Mr. St-Pierre Plamondon said he expects that the Canadian government, which permits dual citizenship, would likewise allow Quebeckers to keep their Canadian passports. Francophones living in other provinces would have access to an accelerated pathway to Quebec citizenship, he said.

The PQ Leader has been intermittently releasing the pillars of his plan for an independent country in recent months. He has previously said a sovereign Quebec would have its own currency.

The “national project,” a 42-page roadmap of the priorities of a PQ government, says that Quebec’s situation within Canada has deteriorated since the previous referendum, held in 1995.

“The country in which the people of Quebec can exist fully will be their own,” it reads.

The document’s policies aim to boost Quebec’s autonomy even before a vote on independence. The party is proposing to “reindustrialize” the economy by identifying imports that could be manufactured in the province, and to adopt a “buy Quebec” policy.

The PQ has promised to slash immigration, including by placing a moratorium on new economic immigrants. Instead, the party is proposing to select new permanent residents from among the temporary foreign workers and international students already in the province.

The document also says the party would push for automation in sectors of the economy that experience labour shortages.

Mr.
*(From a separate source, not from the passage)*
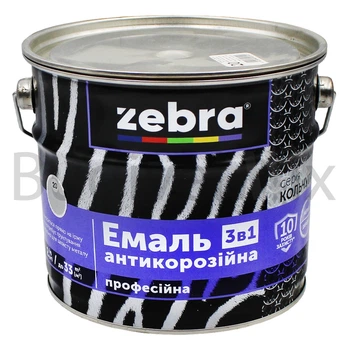 Емаль антикорозійна ZEBRA 3в1 серія Кольчуга 2 кг 20 сріблястий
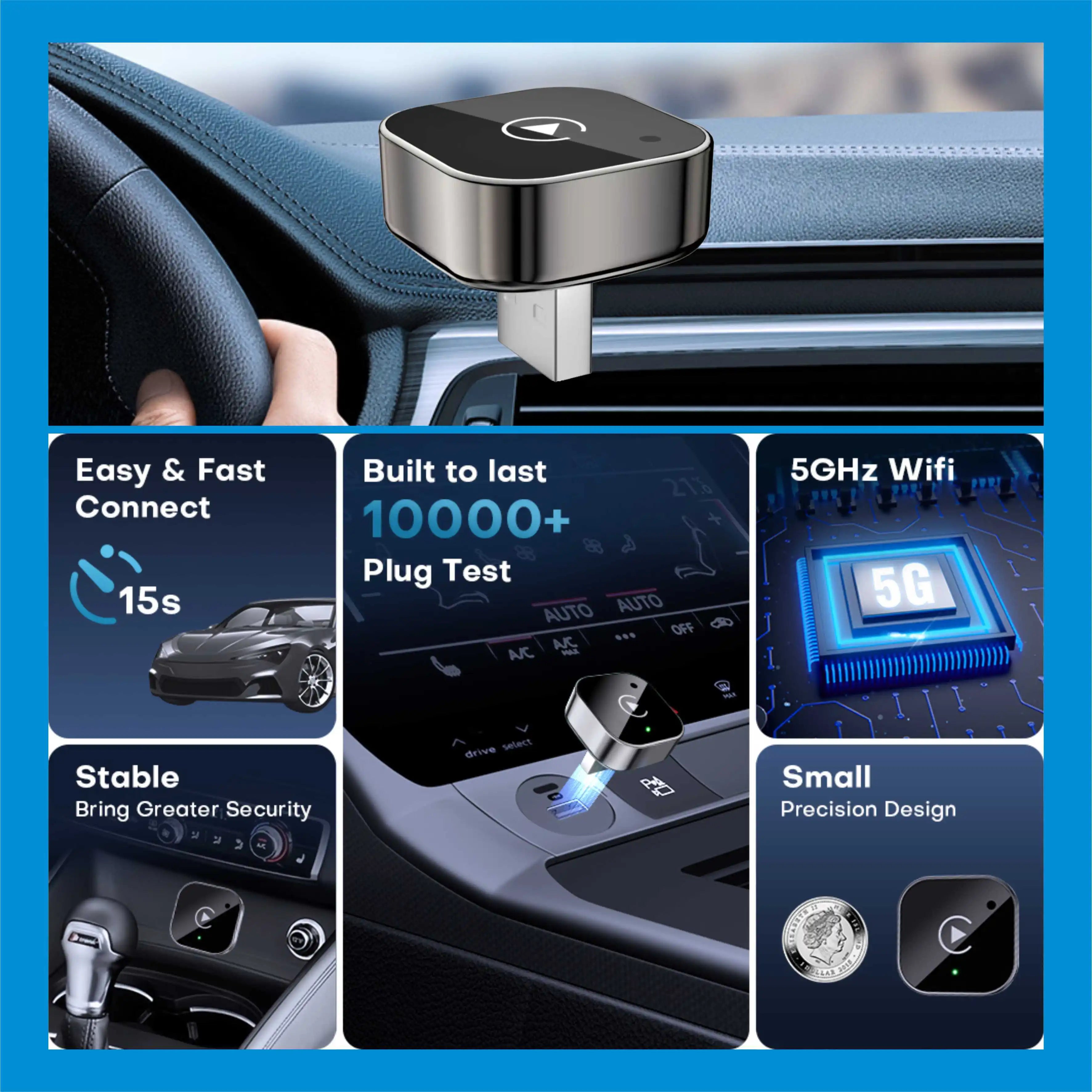 Pionray 2in1 Wireless CarPlay Dongle Wireless Android Auto Adapter Plug & Play For Car With Wired CarPlay/Android Auto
St-Pierre Plamondon is readying his party for the next provincial election, scheduled for October, at a time of upheaval in Quebec politics.

Premier François Legault announced his resignation on Jan. 14, kicking off a leadership race for the Coalition Avenir Québec. The Quebec Liberals are also in search of a new leader after former federal cabinet minister Pablo Rodriguez stepped down from the post in December amid a campaign-financing scandal.

The PQ has been leading in the polls for more than two years, despite having won just three seats in the previous election, in 2022. It has since won three consecutive by-elections.